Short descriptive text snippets
________
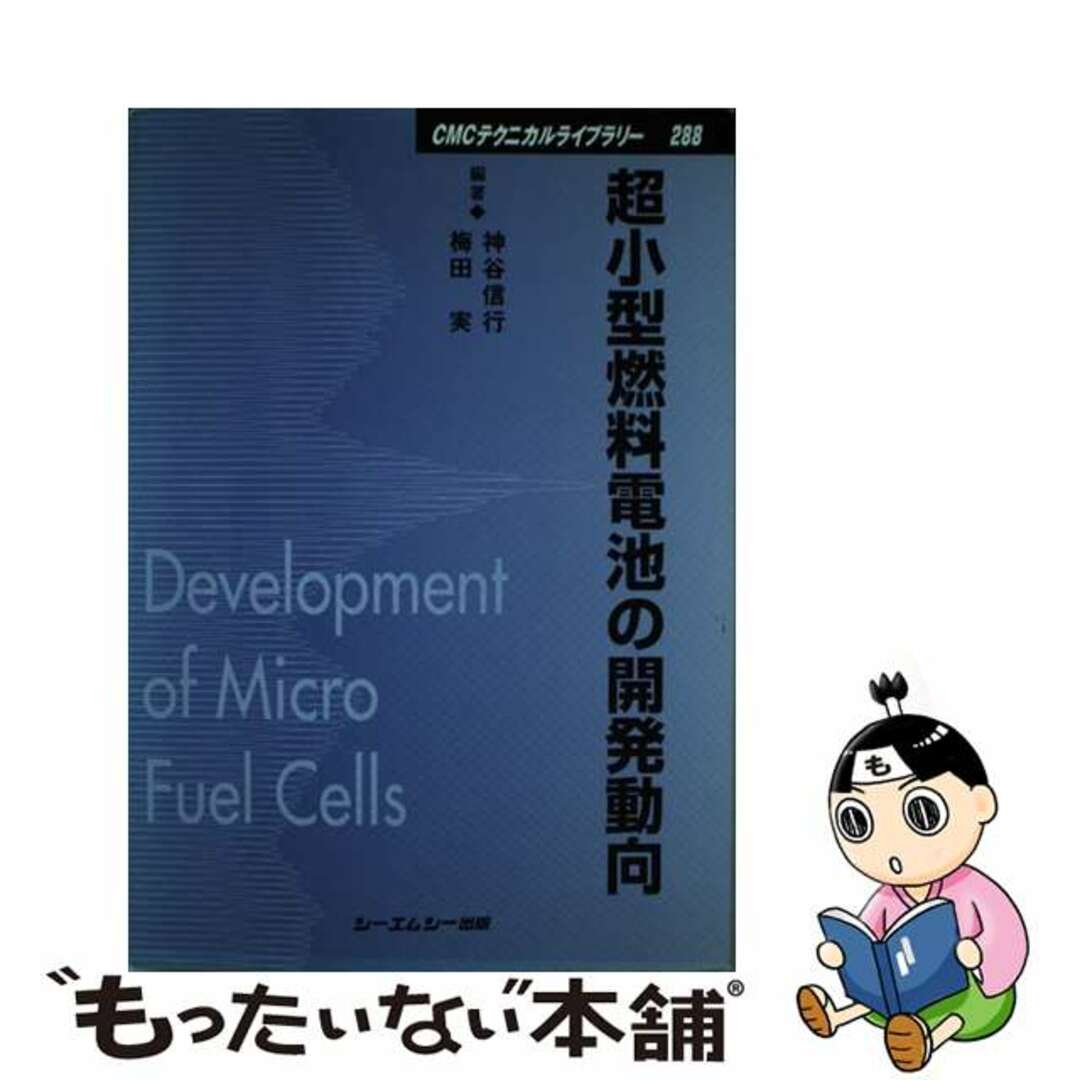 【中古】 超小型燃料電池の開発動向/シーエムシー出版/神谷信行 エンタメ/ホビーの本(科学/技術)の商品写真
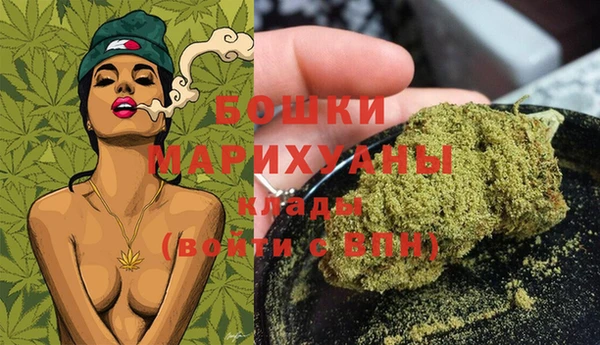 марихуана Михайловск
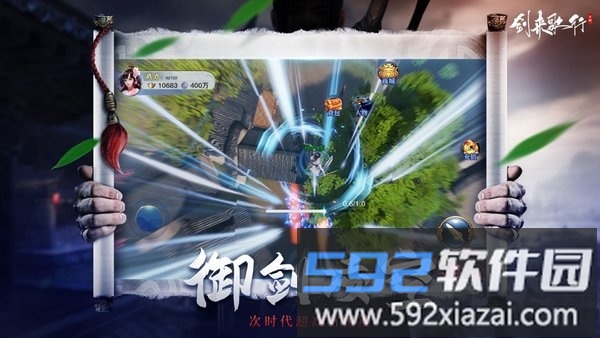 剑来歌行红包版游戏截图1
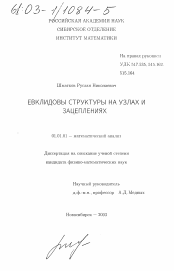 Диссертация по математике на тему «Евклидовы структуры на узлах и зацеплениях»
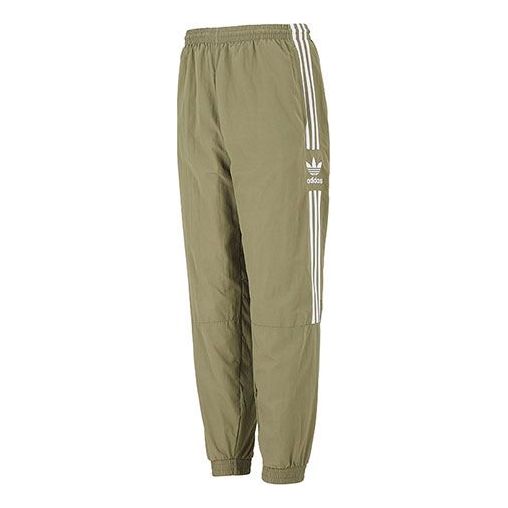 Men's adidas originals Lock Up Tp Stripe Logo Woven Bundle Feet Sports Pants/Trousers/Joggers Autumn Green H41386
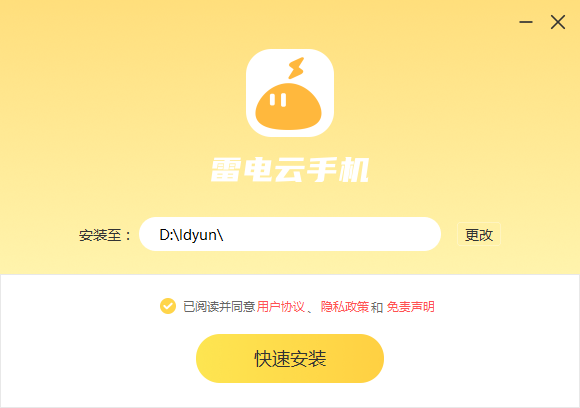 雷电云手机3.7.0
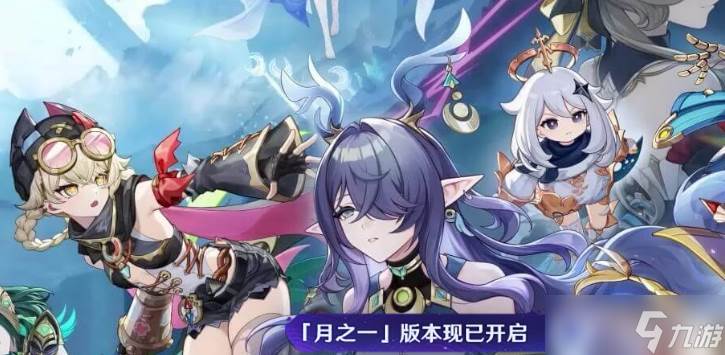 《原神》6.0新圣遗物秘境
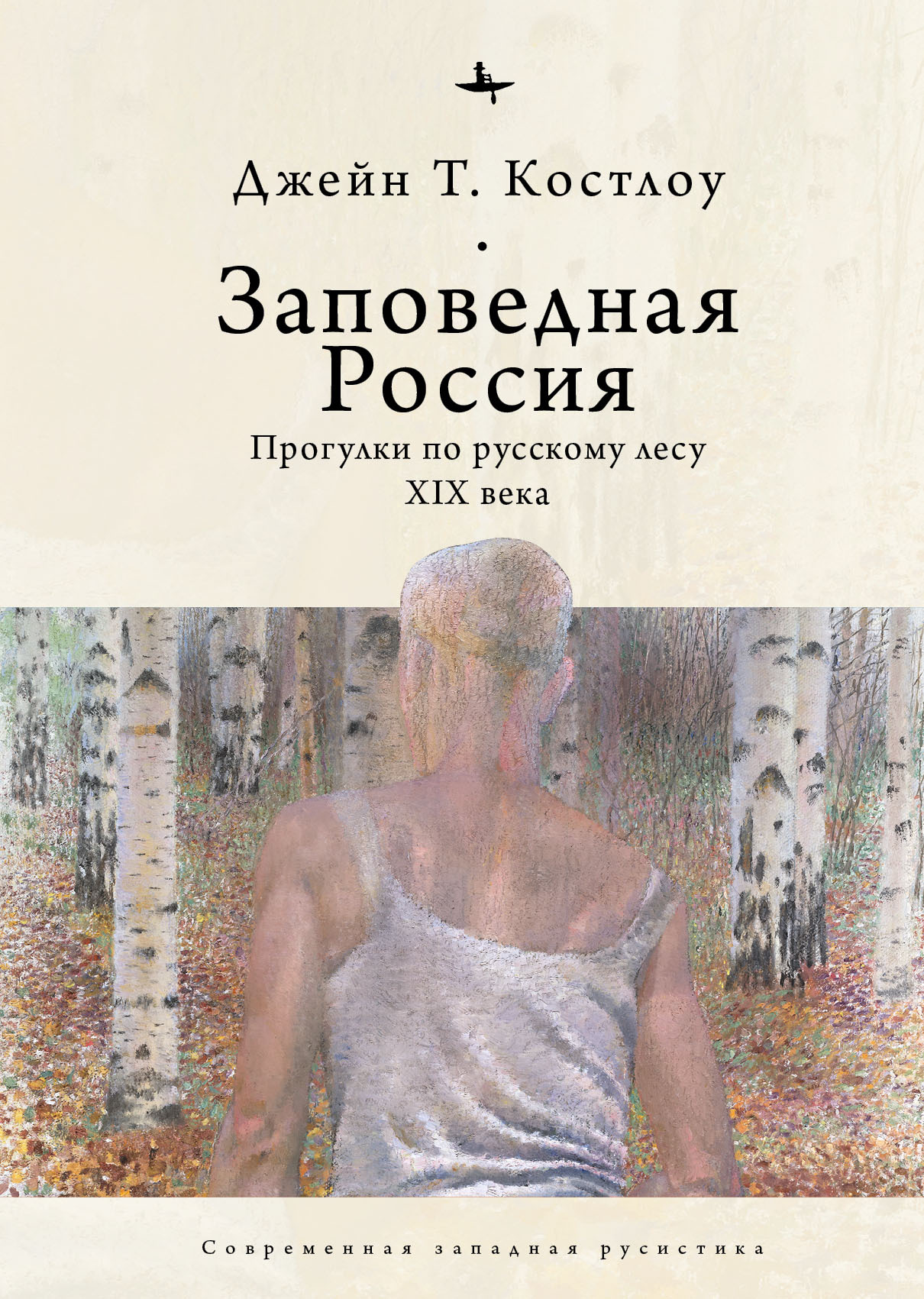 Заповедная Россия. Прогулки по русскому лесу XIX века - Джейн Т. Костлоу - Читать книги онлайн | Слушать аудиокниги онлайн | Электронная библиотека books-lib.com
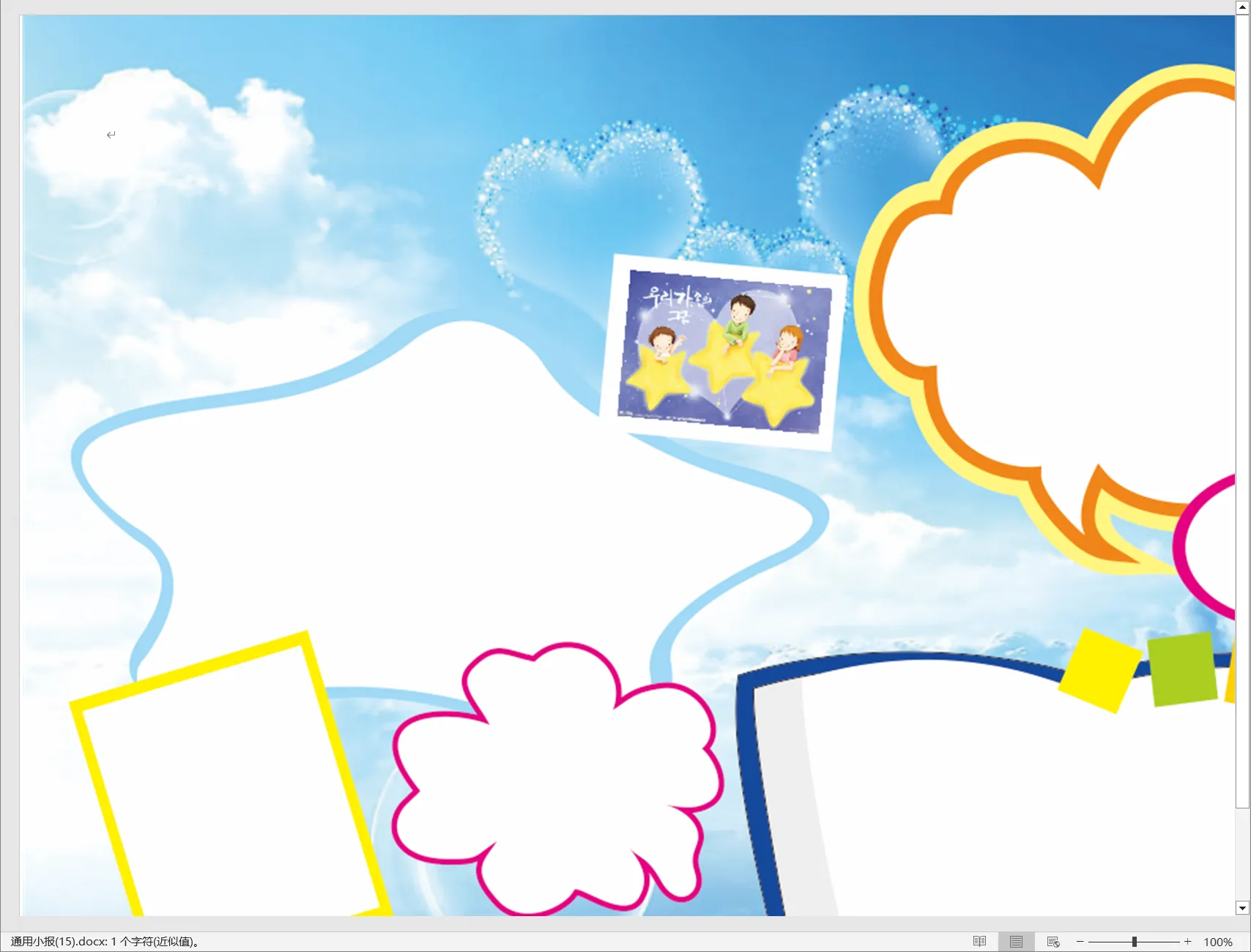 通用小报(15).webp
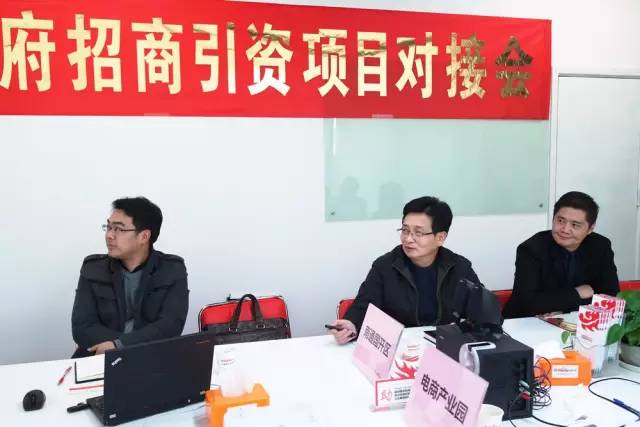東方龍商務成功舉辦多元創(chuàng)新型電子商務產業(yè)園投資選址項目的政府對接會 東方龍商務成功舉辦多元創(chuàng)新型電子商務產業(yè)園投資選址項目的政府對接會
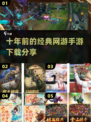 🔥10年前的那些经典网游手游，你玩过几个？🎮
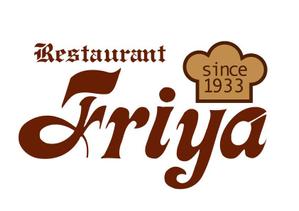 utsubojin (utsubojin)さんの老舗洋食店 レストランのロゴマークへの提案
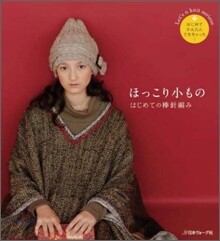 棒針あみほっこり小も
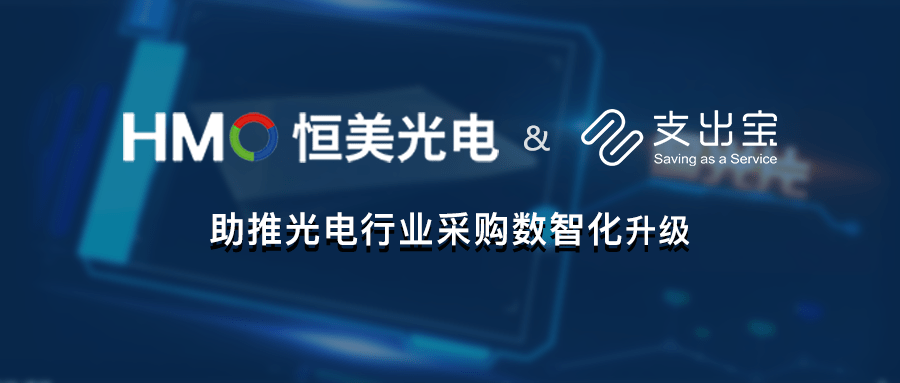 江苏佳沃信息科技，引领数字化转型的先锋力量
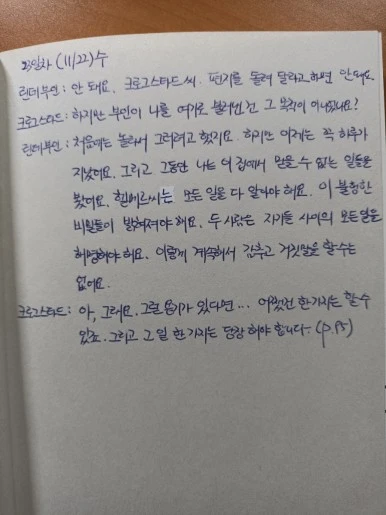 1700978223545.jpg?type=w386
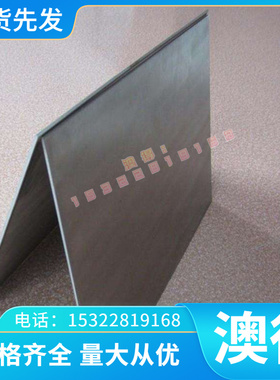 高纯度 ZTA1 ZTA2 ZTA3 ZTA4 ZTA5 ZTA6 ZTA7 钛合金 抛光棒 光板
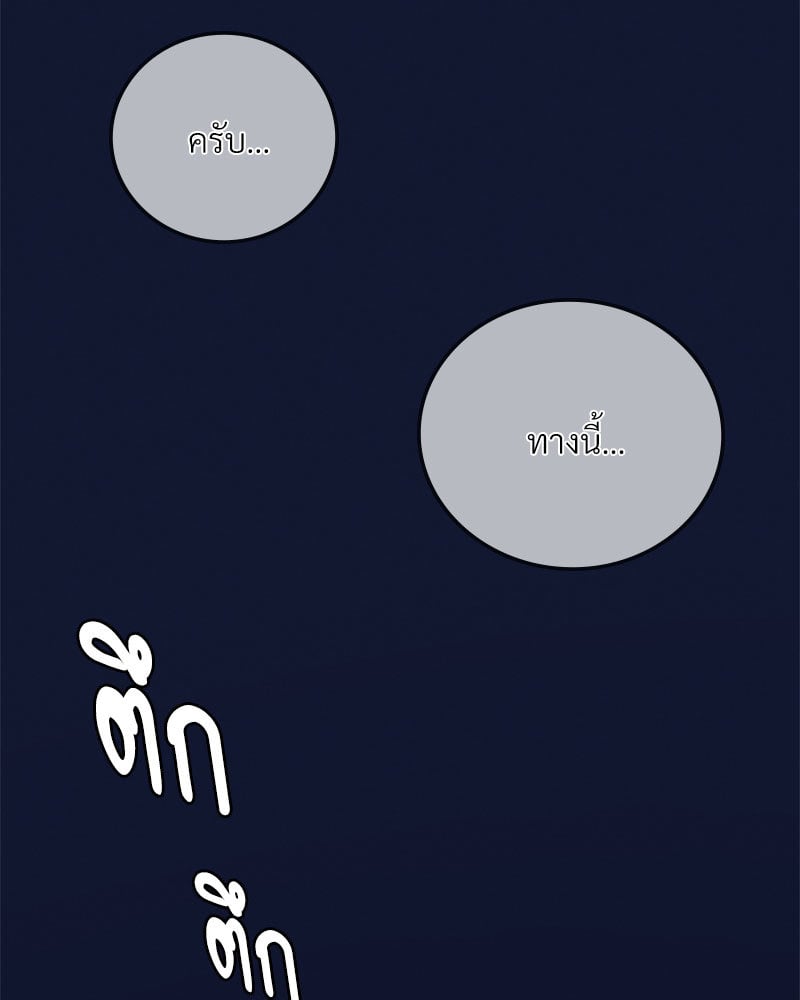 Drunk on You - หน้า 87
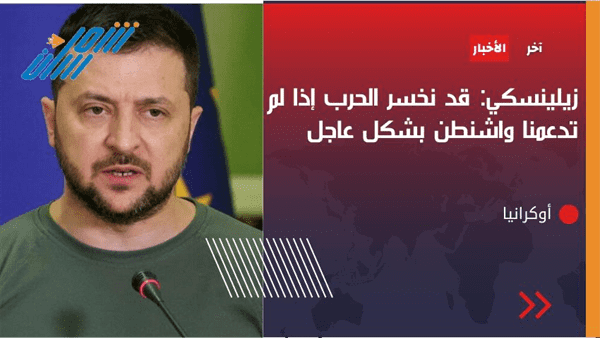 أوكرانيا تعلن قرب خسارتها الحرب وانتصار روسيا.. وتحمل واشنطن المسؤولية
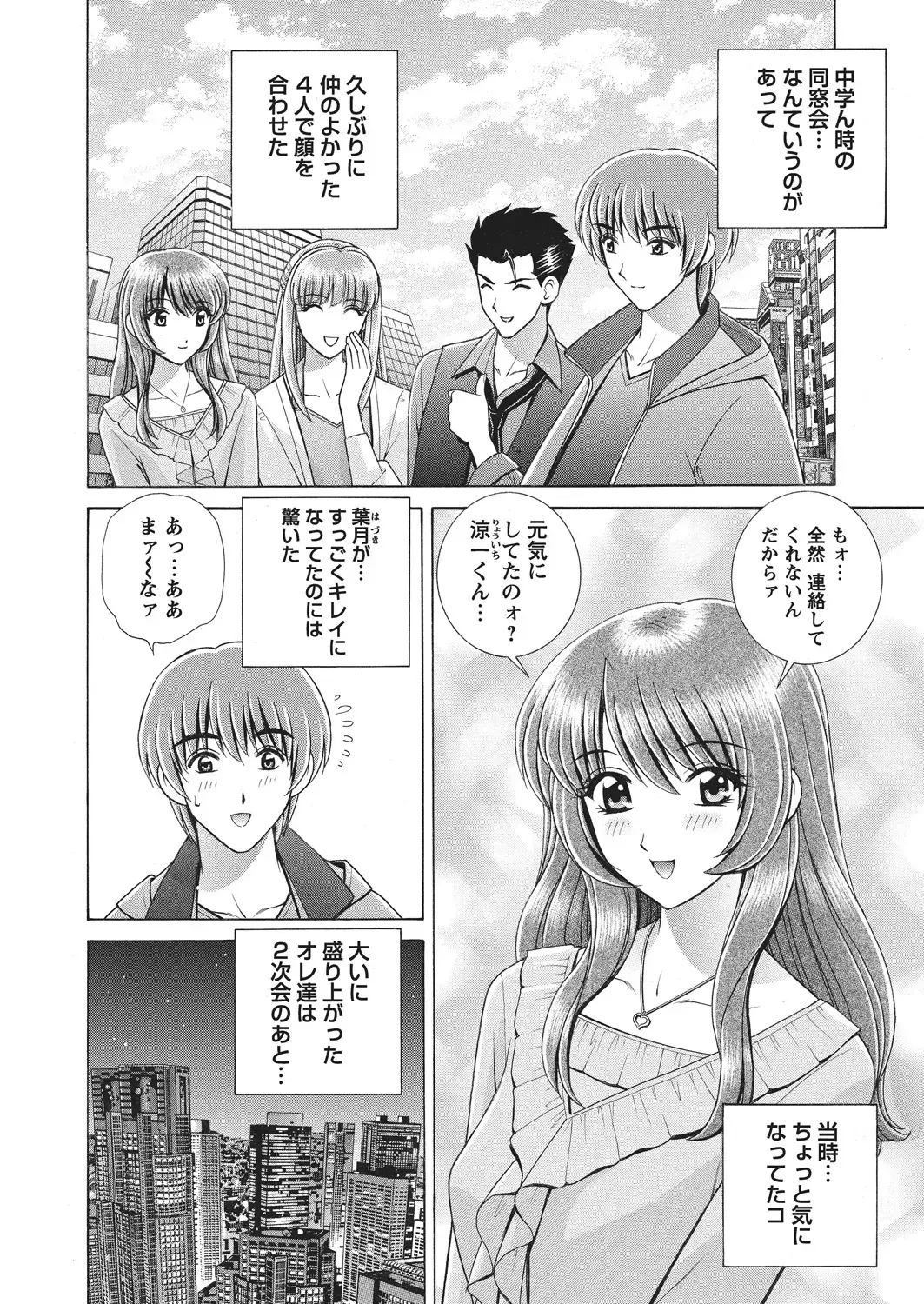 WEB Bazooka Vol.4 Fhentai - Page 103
________
◆ Task details ◆
Set down the records above exactly, leaving out pictures.

◆ Written response ◆
 【中古】 超小型燃料電池の開発動向/シーエムシー出版/神谷信行 エンタメ/ホビーの本(科学/技術)の商品写真
 марихуана Михайловск
 剑来歌行红包版游戏截图1
 Диссертация по математике на тему «Евклидовы структуры на узлах и зацеплениях»
 Men's adidas originals Lock Up Tp Stripe Logo Woven Bundle Feet Sports Pants/Trousers/Joggers Autumn Green H41386
 雷电云手机3.7.0
 《原神》6.0新圣遗物秘境
 Заповедная Россия. Прогулки по русскому лесу XIX века - Джейн Т. Костлоу - Читать книги онлайн | Слушать аудиокниги онлайн | Электронная библиотека books-lib.com
 通用小报(15).webp
東方龍商務成功舉辦多元創(chuàng)新型電子商務產業(yè)園投資選址項目的政府對接會 東方龍商務成功舉辦多元創(chuàng)新型電子商務產業(yè)園投資選址項目的政府對接會
 🔥10年前的那些经典网游手游，你玩过几个？🎮
 utsubojin (utsubojin)さんの老舗洋食店 レストランのロゴマークへの提案
 棒針あみほっこり小も
 江苏佳沃信息科技，引领数字化转型的先锋力量
 1700978223545.jpg?type=w386
 高纯度 ZTA1 ZTA2 ZTA3 ZTA4 ZTA5 ZTA6 ZTA7 钛合金 抛光棒 光板
 Drunk on You - หน้า 87
 أوكرانيا تعلن قرب خسارتها الحرب وانتصار روسيا.. وتحمل واشنطن المسؤولية
 WEB Bazooka Vol.4 Fhentai - Page 103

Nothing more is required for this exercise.